**** Data for review ****

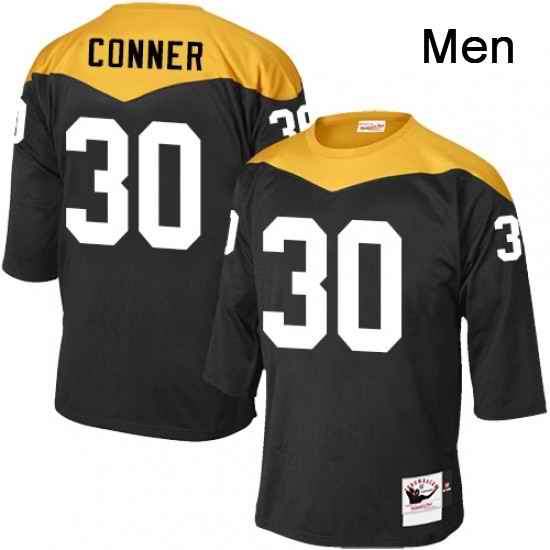 Mens Mitchell and Ness Pittsburgh Steelers 30 James Conner Elite Black 1967 Home Throwback NFL Jersey
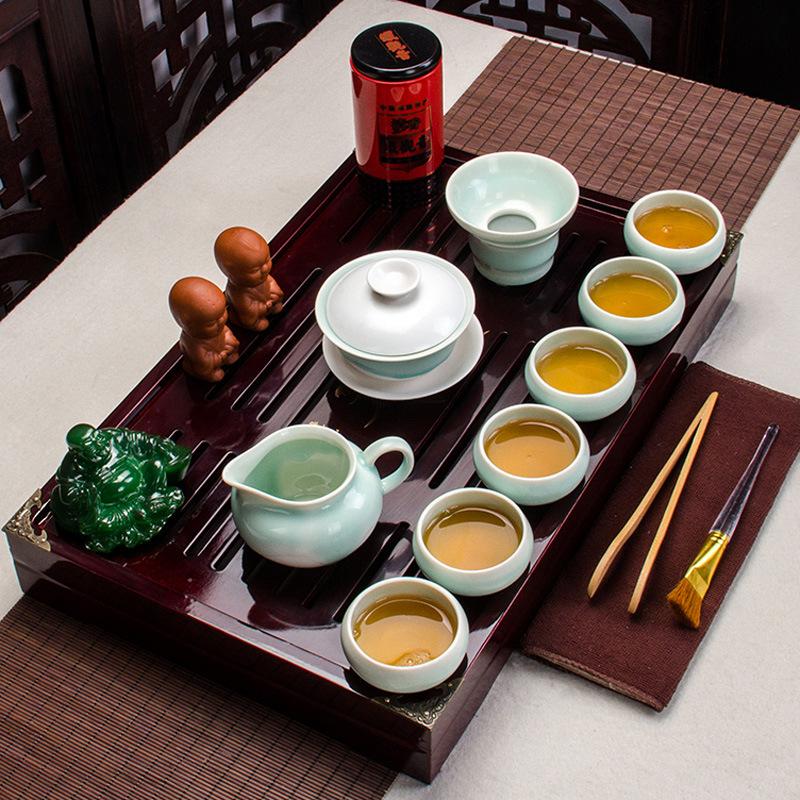 Китайский чайный сервиз, прозрачный термостойкий стеклянный чайный сервиз из массива дерева с подносом для чая кунг-фу.
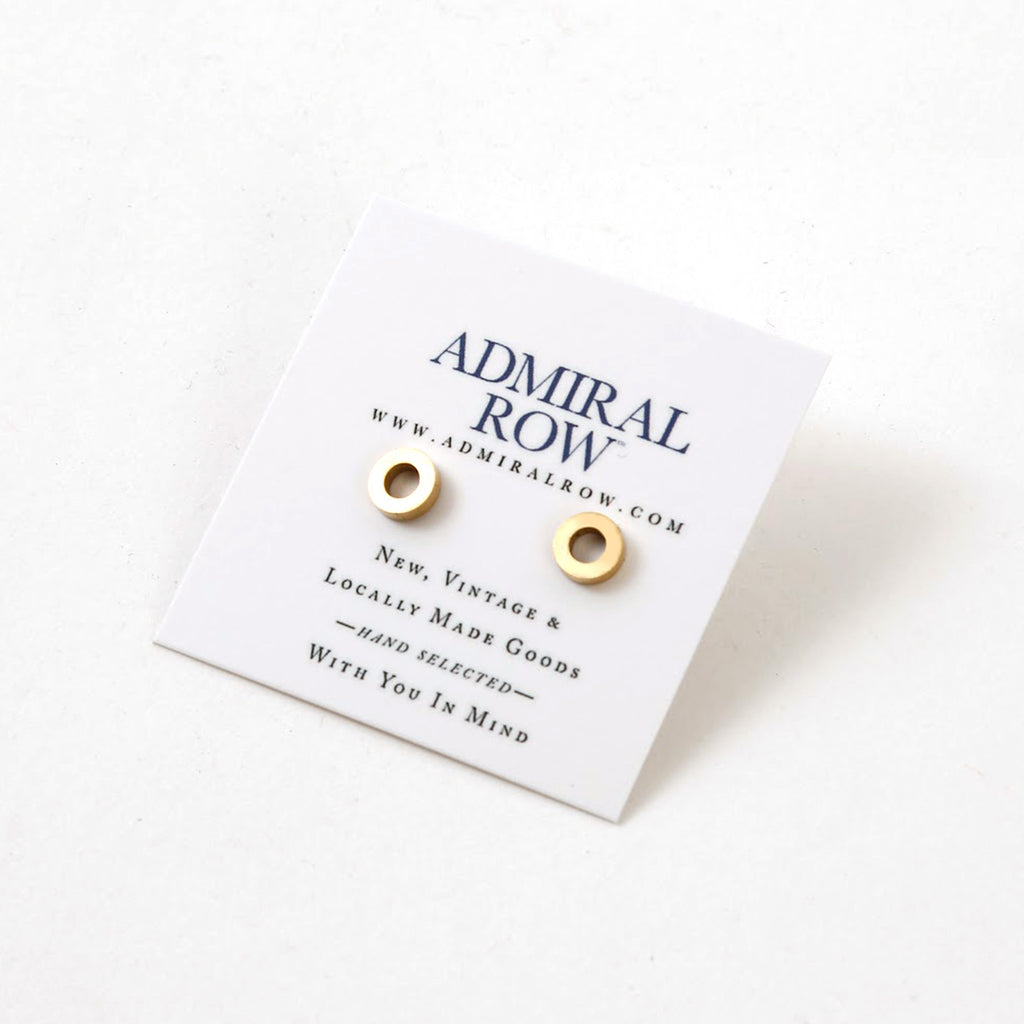 Gold Open Circle Stud Earrings / Small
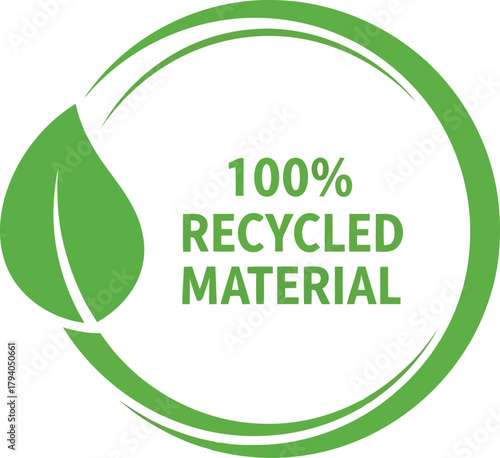 Sustainable 100 percent recycled material eco friendly green leaf circle emblem badge vector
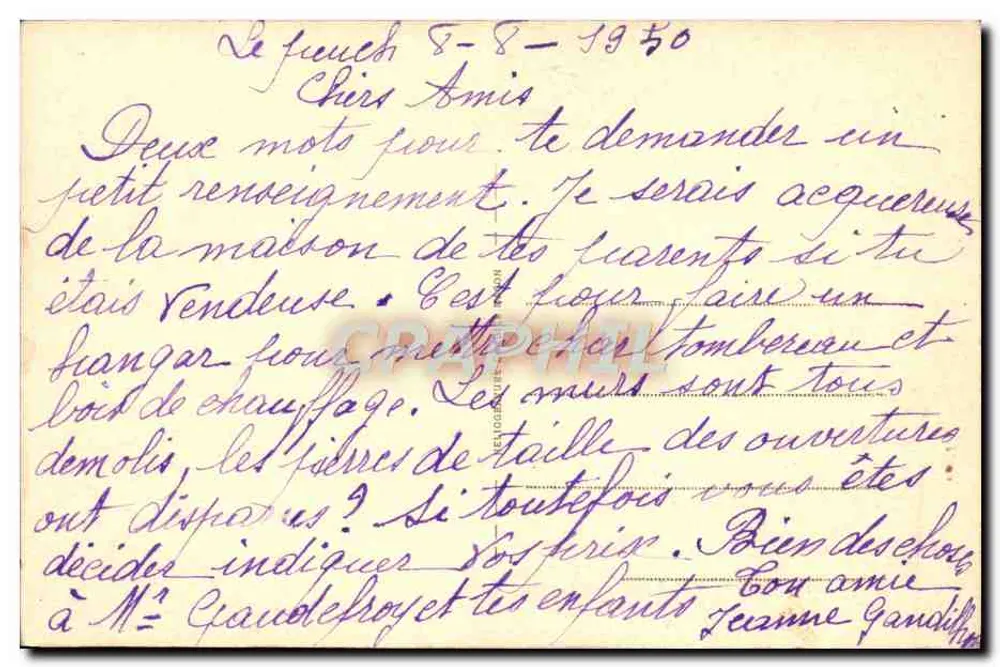 Os Auvergnats em casa — Mamãe feliz. - Verso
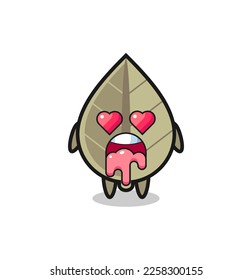 the falling in love expression of a cute dried leaf with heart shaped eyes , cute style design for t shirt, sticker, logo element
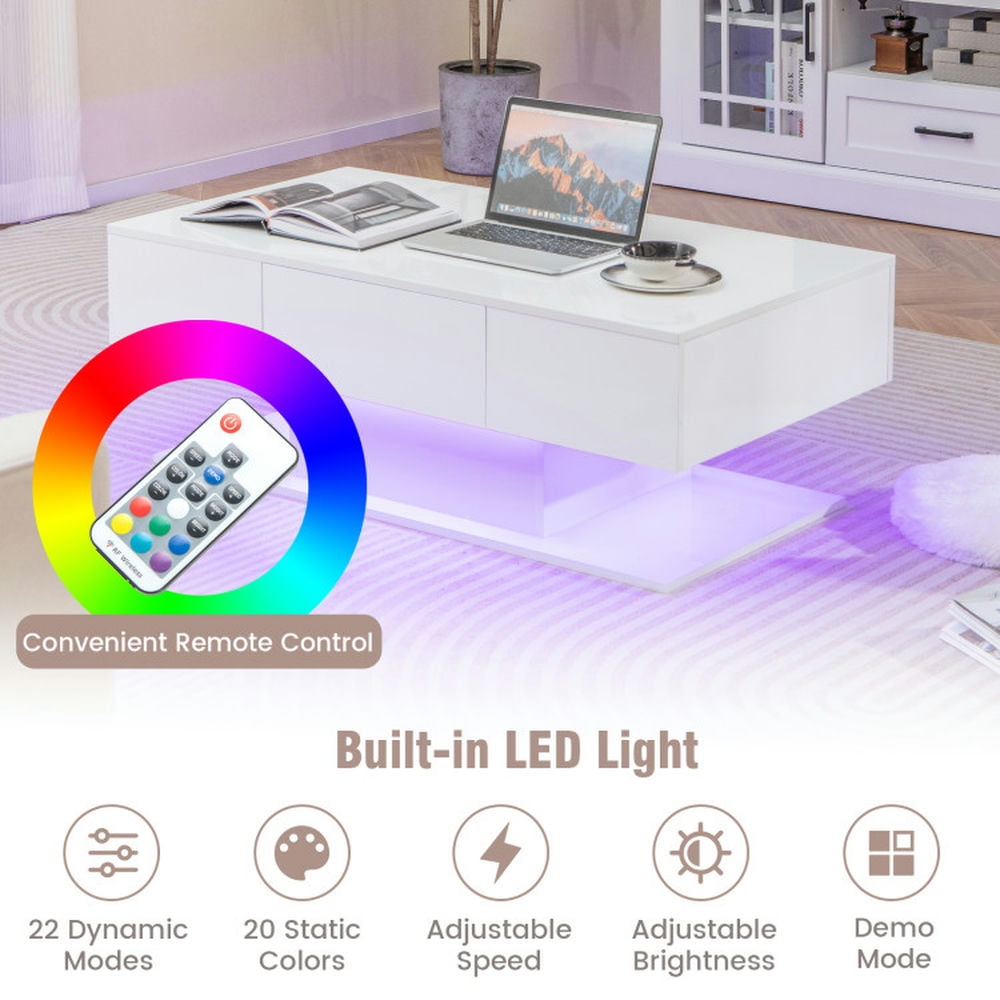 Finihen Coffee Table, LED Coffee Table, Modern LED Coffee Table with 20 Color LED Lights and 2 Storage Drawers, for Living Room, Reception Room, White Finihen Coffee Table, LED Coffee Table, Modern LED Coffee Table with 20 Color LED Lights and 2 Storage Drawers, for Living Room, Reception Room, White
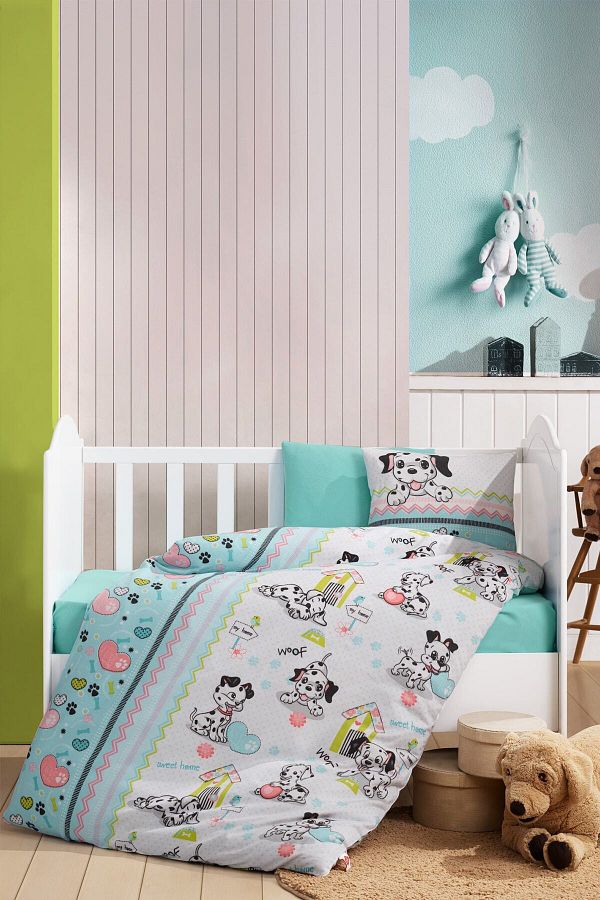 Cotton Box Flannel 100 Cotton Mint Green Dalmatian Baby Bedding Set Fade Resistant and Soft Fabric
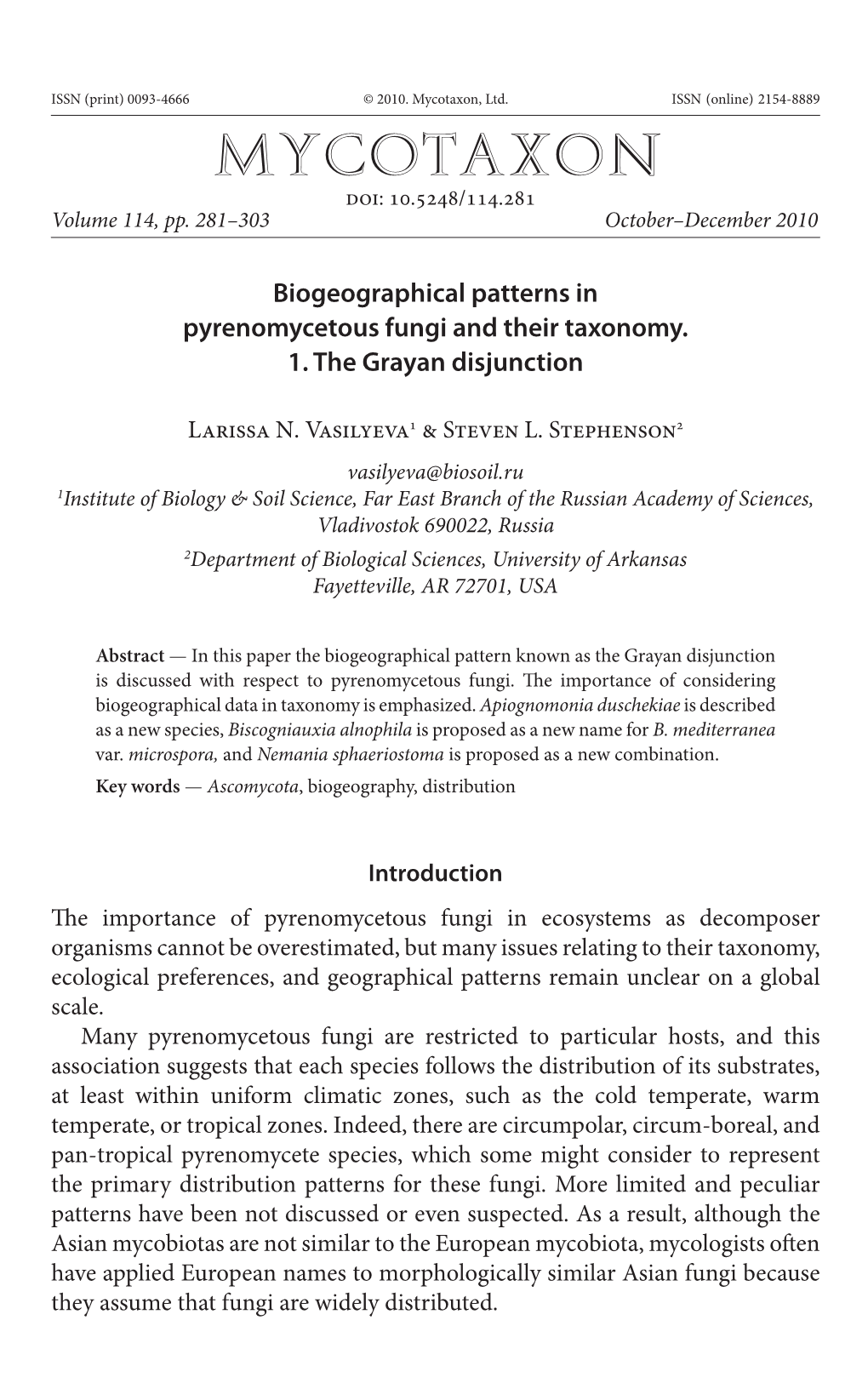 Biogeographical Patterns in Pyrenomycetous Fungi and Their Taxonomy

****

* _Work instruction_: A clean copy is needed of the lines above from the one with "Китайский чайный сервиз, прозрачный" up to and including the one with "the falling in". Please set it down exactly, with no pictures.

* _Reply_:
 Китайский чайный сервиз, прозрачный термостойкий стеклянный чайный сервиз из массива дерева с подносом для чая кунг-фу.
 Gold Open Circle Stud Earrings / Small
 Sustainable 100 percent recycled material eco friendly green leaf circle emblem badge vector
 Os Auvergnats em casa — Mamãe feliz. - Verso
 the falling in love expression of a cute dried leaf with heart shaped eyes , cute style design for t shirt, sticker, logo element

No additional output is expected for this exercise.